Making Virtual Teams Work

As the war for talent rages on, the use of virtual teams continues to grow as companies look well beyond the 30-minute commute to find the right people with the right stuff. Companies who limit their sights to local workers are missing the vast majority of the labor pool. Winning organizations are reaching well beyond their city, state, and even country borders to find the best of the best so they can deliver high-performance results.

That said, virtual teams are not business as usual in most companies. One needs to consider different types of configurations, what projects can be tackled, and the mechanics of how a virtual team works to be successful with this approach. A virtual team needs to be carefully designed and managed to avoid disappointment, failure and missed opportunities.
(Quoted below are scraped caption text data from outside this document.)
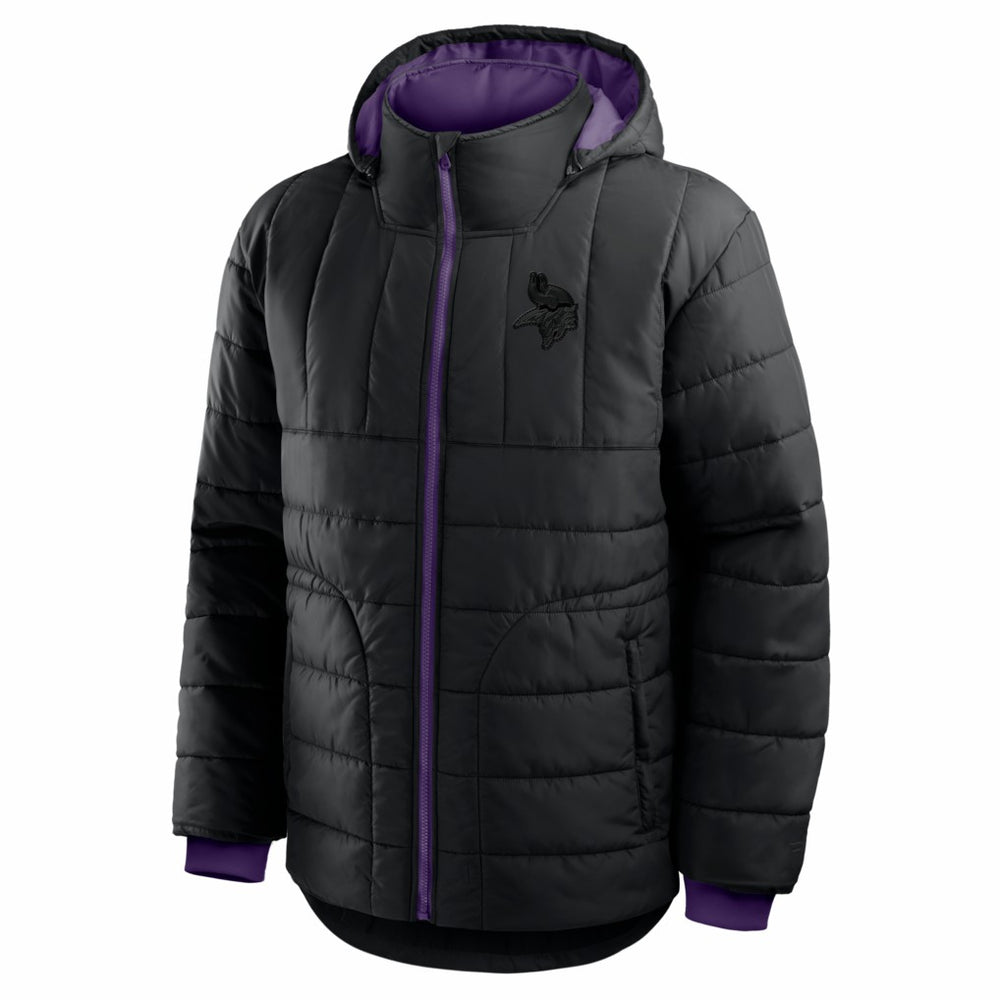 Minnesota Vikings Full-Zip Hooded Jacket Black - Fanatics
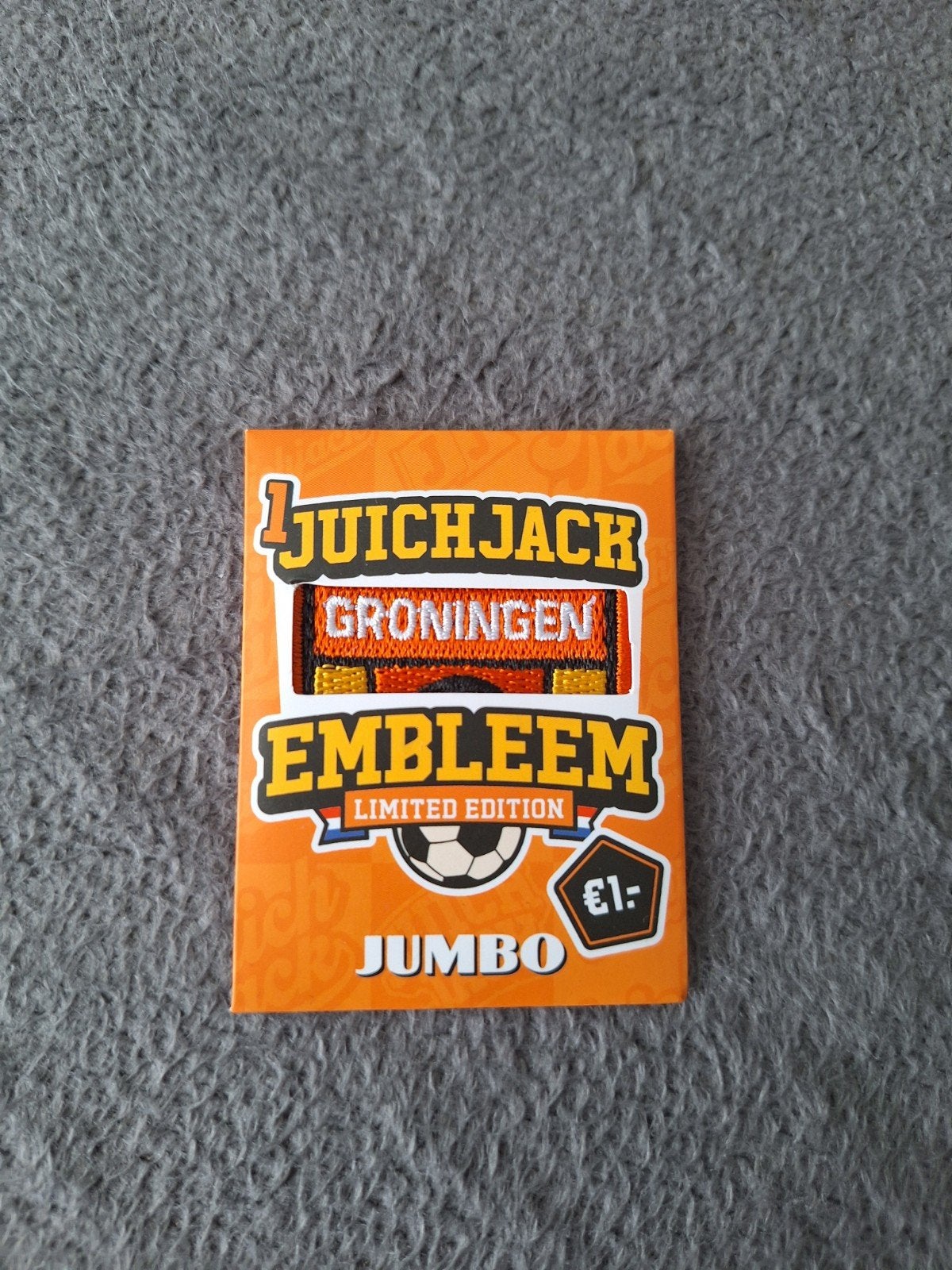 Jumbo Juich Jack Embleem - Groningen, Ophalen, Nieuw
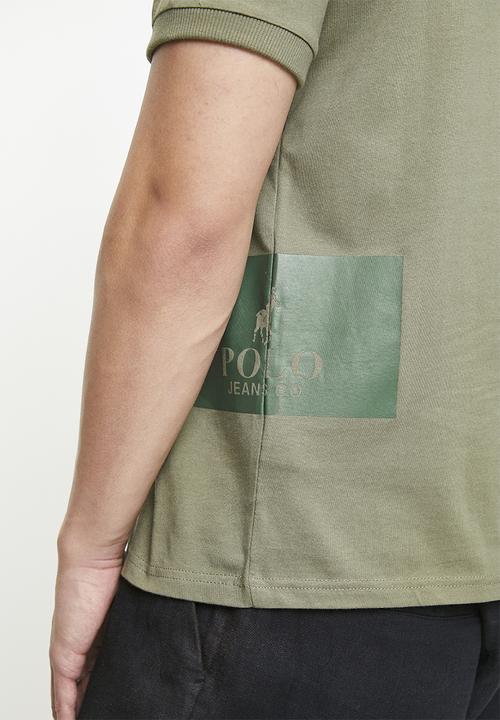 POLO - SIYABONGA  PJC SS SIDE LOGO TEE - OLIVE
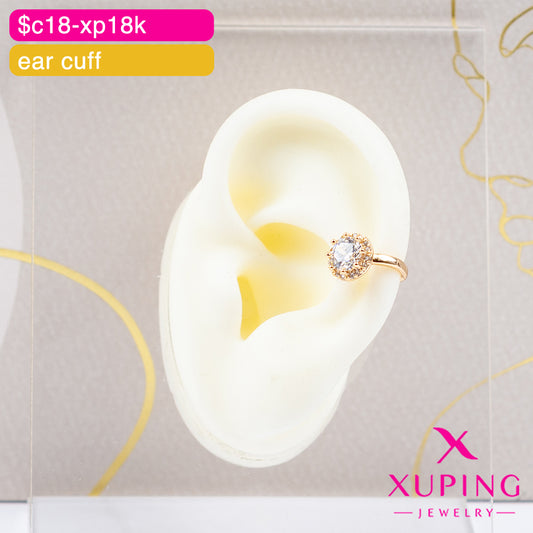(XPB_03316) Ear cuff de zirconia circular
Over the last several weeks, I have interviewed over a dozen experts in communications, project management, organizational development, and talent about the ins and outs of virtual teams. Below are some of the key takeaways from those conversations. For my entire interviews with these experts, follow the link at the end of this article.

Zero in on your goals and measurements

Like any team, virtual teams need a clear purpose and set of objectives. They need to know what their mission is, who they are serving, what they are expected to deliver, and what value they are generating for their client. Outline this clearly and reference it often in the early stages. Allow time for discussion and provide clarifications where necessary.

More so than physically co-located teams, virtual teams need well-defined measurement criteria and reporting. Since there are less opportunities to collectively “see” the results, there needs to be more frequent and more visual reporting of the status and progress toward goals. Develop a handful of leading KPI that will show the team how they are doing as a unit, not just as individuals. Have it distributed daily, and discuss it at least weekly.

Virtual team-building takes more time and more intention

A large part of team-building is developing one-on-one relationships with your team members. This happens naturally with in-person teams. With virtual teams, this is extremely difficult to do without a clear game plan. If possible, get your team together in-person in the beginning stages, and spend time together outside of work too. If your team can’t make the trek, make sure to do plenty of all-hands video chats. Start sessions with ice-breakers, like asking everyone to share personal details about their interests and non-work lives. It’s equally effective to pair people up on early tasks, working together over the phone or video.

Be deliberate with your communications

Even when communicating over video, a lot of non-verbal interaction is lost  ̶­  it’s far worse over the phone and email. The subtle cues of facial expressions, hand gestures, and posture are missed. Encourage everyone to use a deliberate “round-trip” protocol  ̶­  meaning once you say something, the other person repeats what they heard, then you confirm that it was indeed what you meant, and vice-versa. On conference and video calls, check in with everyone regularly to make sure they are engaged and being heard. And don’t forget the emotional factor; virtual teams need to be better at expressing their emotional states and reactions clearly. Be explicit and intentional when you speak and write to avoid being misunderstood.

Set clear ground rules early on

As a team and organizational coach, one of the first things I ask my clients about is their ground rules around how the team has agreed to operate. Ground rules can be as simple as turning off cell phones during meetings, and as sophisticated as formal agenda templates and protocols for running meetings. The important thing is that the team agrees to a set of rules that allow them to work efficiently and effectively. A good team collectively enforces the rules, without shaming the rule-breakers. They regularly review their ground rules, changing existing ones and experiment with new ones.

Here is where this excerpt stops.